A decade ago, it appeared gun crime was in decline as the Chicago Police Department reduced gang-related crime with an approach viewed as a model for police forces around the world. But the situation has deteriorated badly because of criminals shooting each other for control of a multimillion-dollar drug trade amidst a heroin epidemic afflicting America's third-largest city.

Chicago is ideally placed for the distribution of drugs across the USA. The Eisenhower Expressway - the city's main east-west artery - has been dubbed Heroin Highway because of the heroin, cocaine and marijuana that floods into the city from Mexico.

Chicago is now home to about 100,000 gangbangers. The main outfits include the Almighty Latin King Nation, aka the Latin Kings, America's largest Hispanic gang that dates back to the 1940s and is viewed as one of the most sophisticated and secretive US gangs. After speaking to Hillmann, I met a Latin King called Jimay Tisquerano who says the violence is mostly down to fighting over street corners to sell drugs.

"Guys are trying to get more territory so they can run the streets more," the 32-year-old says. "And that's how the killing starts. Where I live is the border of three gangs - Latin Kings, Satan Disciples and the 2 2 Boys - so all these guys try to control each other's territory. If they see anyone who looks like a gang member, they shoot him. The killing is random, mostly drive-bys. Two weeks ago, in three days they killed three different guys - 17 to 22 years old."

Tisquerano is still a member of Latin Kings, but no longer active. He joined when he was 14 years old, and quickly learned the Latin Kings' modus operandi.
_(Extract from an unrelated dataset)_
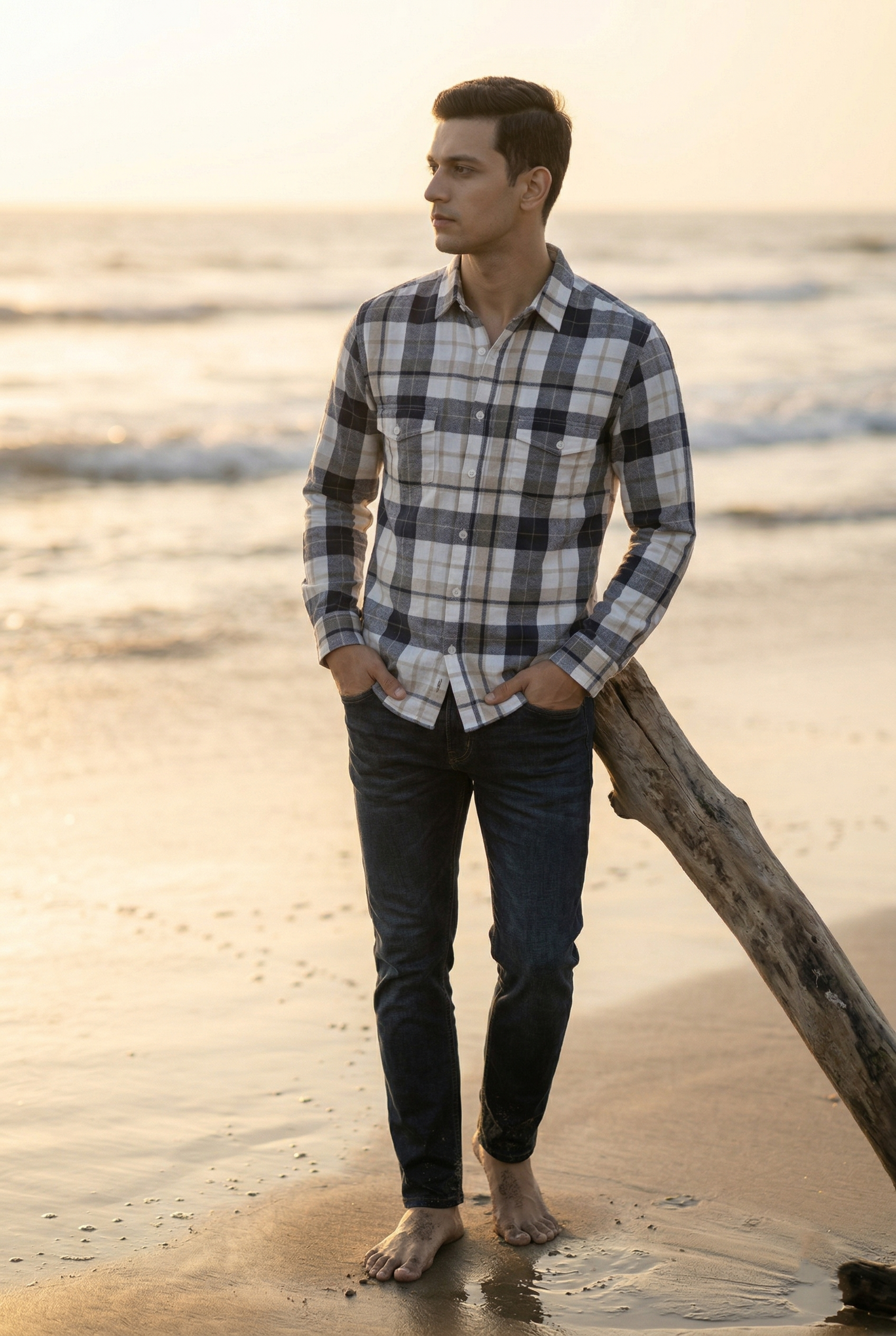 Dark Blue & White Large Check Cotton Shirt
"The gang is almost like a government. You have the top guy who is a president and it keeps on going down to the soldiers. It's very organised. The next level up from a soldier is an enforcer, then Casincas, followed by Incas. Then it goes up to another section. An enforcer controls soldiers in a section of 10 up to 30 guys. Enforcers take orders from Casincas and Incas."

Tisquerano rose from rank and file to become an Inca before deciding to cease gang activity a few years ago, after the birth of his child. During service with the Latin Kings, he survived a gangland shooting but many of his friends were not so lucky. He wears a tattoo on his upper arm in honour of his 18-year-old cousin Williams who was murdered in 2010, and his brother Marcos - also a Latin King - is blind after being shot in the face.

Tisquerano says Illinois' new gun law is unlikely to stem the killing because gang culture is endemic.

It's an opinion I hear later from another gangbanger with the Black P Stones. The Stones are one of the Latin Kings' rivals and have about 30,000 members.

In the suburb of Maywood on the city's west side, I interviewed an ex-con called Anthony, better known on the streets by his nickname, Chopper, an allusion to his role in cutting illegal drugs before distribution.

Formed in the 1950s, the Stones have a historical association with Islam, although there seems little appetite for peace among its membership. Choppers says he joined the Stones aged 10 to follow in his father's footsteps.

"Back then you had to have permission from your parents to become a Stone. You had to go through an initiation and all that. We have seven laws that must not be broken. The Government got laws and we got laws. Our laws teach you how to talk and speak and how to carry yourself around people, basically how to live your life. Once you join the gang you have to be prepared to lose your life and go to jail."

Chopper has been shot twice and has served time in Illinois's infamous Cook County Jail.

He says Chicago's latest problems are a result of gang discipline breaking down and the rise of a new generation of gangbangers who are completely out of control.

"All the structure in the gangs is gone, so there is no leadership. There is so much shooting going on, nobody knows where to turn. It ain't the older guys, it's the young guys, as young as 13. It wasn't like that in the 80s or 90s. This is new. Some of these guys just shoot for fun."